Qu’à cela ne tienne, le SEM n’a ni le temps ni les compétences pour évaluer quoi que ce soit, sa priorité étant d’ordonner le renvoi Dublin à chaque fois que l’occasion se présente. L’autorité procède donc à un simili-entretien où le jeune est interrogé sur son parcours scolaire et invité à donner les dates de tous les événements de sa vie, à dire à quel âge il a commencé l’école, ou arrêté l’école, ou quand sa maman est décédée, ou lorsqu’il a quitté le pays… Alfred a été enfant des rues, il a vagabondé pendant plusieurs années dans différents pays et il ne se souvient pas de toutes ces dates. Il dit une fois 2013, une autre fois 2014 et c’est dans la poche.
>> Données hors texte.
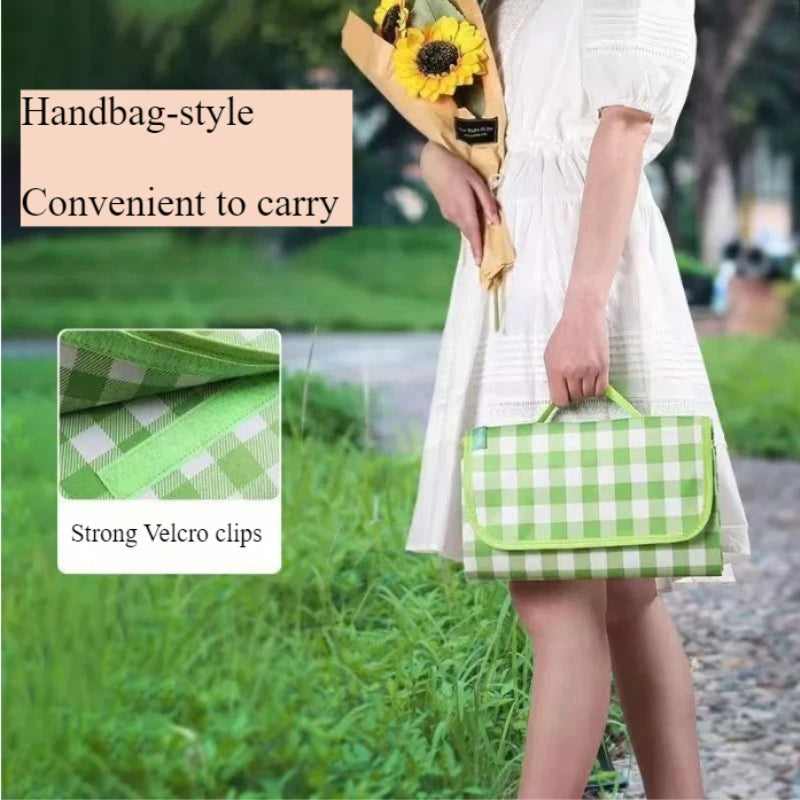 Picnic Mat - Foldable - for Spring Outings, Picnics, Beach Camping - Waterproof and Moisture-proof - Ground Mat - Picnic Cloth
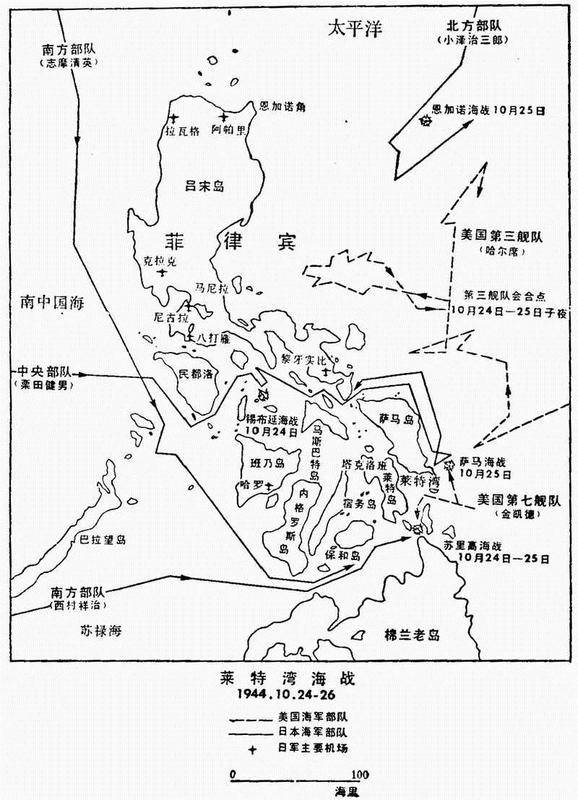 史上最惨烈战役莱特湾大海战,中途岛海战和莱特湾大海战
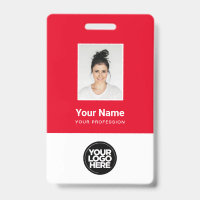 Photo d'employé personnalisée, Code Qr, Logo, Nom
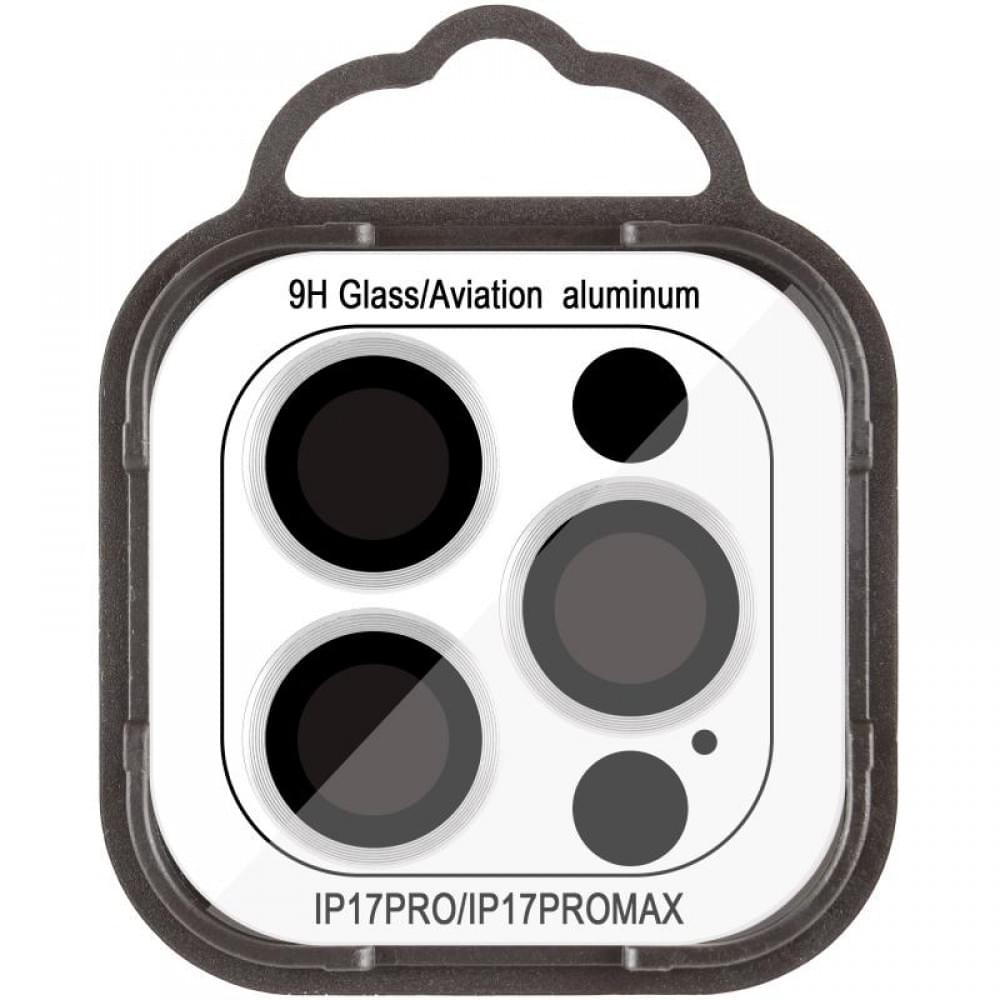 Захисне скло Metal Classic на камеру (у упак.) для Apple iPhone 17 Pro (6.3") / 17 Pro Max (6.9") Срібний / Silver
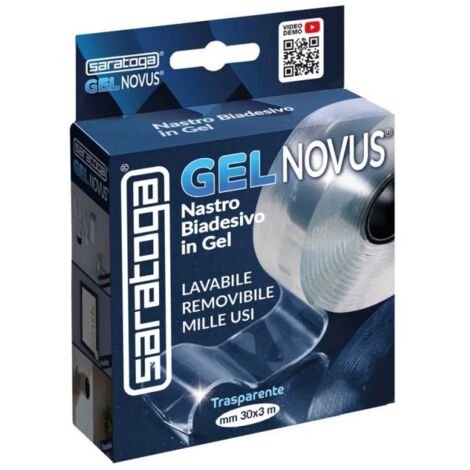 NASTRO BIADESIVO IN GEL GELNOVUS NANO TECNOLOGIA 30MMX3MT DI SARATOGA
La décision de renvoi fait le détail de toutes les erreurs de dates de l’audition pour conclure que les déclarations du requérant à propos de son âge prétendument mineur sont sujettes à caution. Il n’y a pourtant aucun rapport entre les erreurs de dates et la minorité d’Alfred, ou, au contraire, parce qu’il ne parvient pas à se remémorer les dates de sa courte vie, on doit penser qu’il est mineur car à l’âge de l’adolescence, les événements de l’enfance et même de la pré-adolescence peuvent paraître lointains. La perception du temps écoulé, chez les jeunes, est très différente de celle des adultes.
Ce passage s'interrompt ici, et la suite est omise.